Aggression: a top-3 welfare concern for sows

Aggression is a natural behaviour that is intensified when facility design and management practices fail to provide optimal space, compatible groups and opportunities to disrupt aggressive interactions over time. As many farms transition to group housing, aggression continues to hold one of the top-3 welfare concerns for pregnant sows.

Recent research has identified several factors that influence behaviour, including genetics, nutrition, early life socialisation and pheromones. Lesion counting is an easy, non-invasive, and quick method to assess aggression and can be used as a genetic selection tool to decrease aggression within specific lines.

Regulating stress and aggression in pigs

Dietary manipulation including excess supply of tryptophan in diets has been shown to regulate stress and aggression in pigs by elevating serotonin levels. Lastly, pheromones appear to be an up-and-coming option to regulate aggressive behaviour, particularly at mixing. Such products are marketed and administered using an odour diffuser and not only reduces aggression but helps establish the dominance hierarchy within the pen more quickly and improve average daily gain for some products.

Although the funding and enthusiasm to address pig aggression and identify solutions is very much in the forefront of those working in animal welfare science, the logistics and reality of implementing these solutions on farms continues to challenge the industry. Primary barriers to implementing the previously mentioned interventions vary, but include, cost associated with phenotyping, difficulties in modelling and estimating genetic selection impact on production, lack of established protocols in optimising dose and duration of nutritional and pheromone intervention and reduced efficiency in space and labour utilisation.

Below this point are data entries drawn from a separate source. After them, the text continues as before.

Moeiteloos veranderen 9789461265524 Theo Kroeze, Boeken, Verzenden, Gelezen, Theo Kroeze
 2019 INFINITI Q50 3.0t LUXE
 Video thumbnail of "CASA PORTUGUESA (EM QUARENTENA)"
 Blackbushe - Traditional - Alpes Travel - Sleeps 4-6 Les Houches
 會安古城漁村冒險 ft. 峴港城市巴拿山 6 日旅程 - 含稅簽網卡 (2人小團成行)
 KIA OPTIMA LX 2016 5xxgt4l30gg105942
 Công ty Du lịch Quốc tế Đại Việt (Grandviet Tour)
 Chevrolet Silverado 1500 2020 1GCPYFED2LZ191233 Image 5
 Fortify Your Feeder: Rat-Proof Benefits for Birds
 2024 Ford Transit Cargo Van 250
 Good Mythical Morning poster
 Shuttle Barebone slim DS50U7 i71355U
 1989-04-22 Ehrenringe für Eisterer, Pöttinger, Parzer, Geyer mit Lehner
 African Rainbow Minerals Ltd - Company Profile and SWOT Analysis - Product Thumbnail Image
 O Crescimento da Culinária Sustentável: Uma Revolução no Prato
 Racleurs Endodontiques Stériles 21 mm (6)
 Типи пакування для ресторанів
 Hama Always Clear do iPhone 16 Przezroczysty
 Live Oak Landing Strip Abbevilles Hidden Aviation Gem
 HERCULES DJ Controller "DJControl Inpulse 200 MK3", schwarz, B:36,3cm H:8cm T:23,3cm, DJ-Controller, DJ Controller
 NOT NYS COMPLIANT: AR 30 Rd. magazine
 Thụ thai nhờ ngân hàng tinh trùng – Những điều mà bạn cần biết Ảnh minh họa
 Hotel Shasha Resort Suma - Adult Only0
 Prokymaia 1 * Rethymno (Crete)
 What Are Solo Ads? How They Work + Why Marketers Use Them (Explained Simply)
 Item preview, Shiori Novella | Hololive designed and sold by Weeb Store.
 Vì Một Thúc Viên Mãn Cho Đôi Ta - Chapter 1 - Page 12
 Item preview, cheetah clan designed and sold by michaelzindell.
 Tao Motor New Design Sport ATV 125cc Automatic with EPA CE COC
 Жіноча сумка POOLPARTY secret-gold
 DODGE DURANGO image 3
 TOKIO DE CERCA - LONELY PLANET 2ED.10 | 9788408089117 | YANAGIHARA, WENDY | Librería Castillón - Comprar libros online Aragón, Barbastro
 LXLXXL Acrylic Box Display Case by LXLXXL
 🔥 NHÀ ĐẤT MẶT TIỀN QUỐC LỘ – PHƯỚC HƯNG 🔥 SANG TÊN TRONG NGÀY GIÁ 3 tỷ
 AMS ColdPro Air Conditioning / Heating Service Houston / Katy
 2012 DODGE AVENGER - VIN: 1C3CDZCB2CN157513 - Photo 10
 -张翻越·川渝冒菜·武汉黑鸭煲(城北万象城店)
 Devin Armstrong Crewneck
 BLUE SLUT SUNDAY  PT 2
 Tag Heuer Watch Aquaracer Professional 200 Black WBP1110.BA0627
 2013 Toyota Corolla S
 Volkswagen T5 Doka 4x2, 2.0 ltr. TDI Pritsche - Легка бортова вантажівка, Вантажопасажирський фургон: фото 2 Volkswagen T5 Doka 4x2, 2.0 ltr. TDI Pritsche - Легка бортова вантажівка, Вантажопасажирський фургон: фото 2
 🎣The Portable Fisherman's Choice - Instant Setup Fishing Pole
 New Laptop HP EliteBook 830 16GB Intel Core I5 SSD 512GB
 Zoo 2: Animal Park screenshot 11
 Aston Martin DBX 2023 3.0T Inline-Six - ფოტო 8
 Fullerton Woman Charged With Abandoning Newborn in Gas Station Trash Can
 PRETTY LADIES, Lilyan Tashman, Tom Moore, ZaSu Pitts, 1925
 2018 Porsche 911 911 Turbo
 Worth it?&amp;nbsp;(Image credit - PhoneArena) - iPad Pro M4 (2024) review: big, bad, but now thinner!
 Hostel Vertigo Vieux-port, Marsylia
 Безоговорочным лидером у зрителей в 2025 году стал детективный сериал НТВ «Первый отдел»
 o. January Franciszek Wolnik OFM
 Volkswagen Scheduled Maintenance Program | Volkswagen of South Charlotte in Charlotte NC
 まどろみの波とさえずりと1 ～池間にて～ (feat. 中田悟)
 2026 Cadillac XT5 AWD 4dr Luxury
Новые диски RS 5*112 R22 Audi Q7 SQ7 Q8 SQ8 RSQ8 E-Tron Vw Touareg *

Developing welfare intervention strategies

In order to truly make a long-term impact that benefits the welfare of the sow by significantly reducing aggression, animal welfare scientists must move beyond the laboratory settings and design tools and intervention strategies that can be practically implemented on large-scale systems. It is not until scientists truly partner with producers that we can develop on-farm solutions that make sense and are feasible while still being objectively sound and validated through science.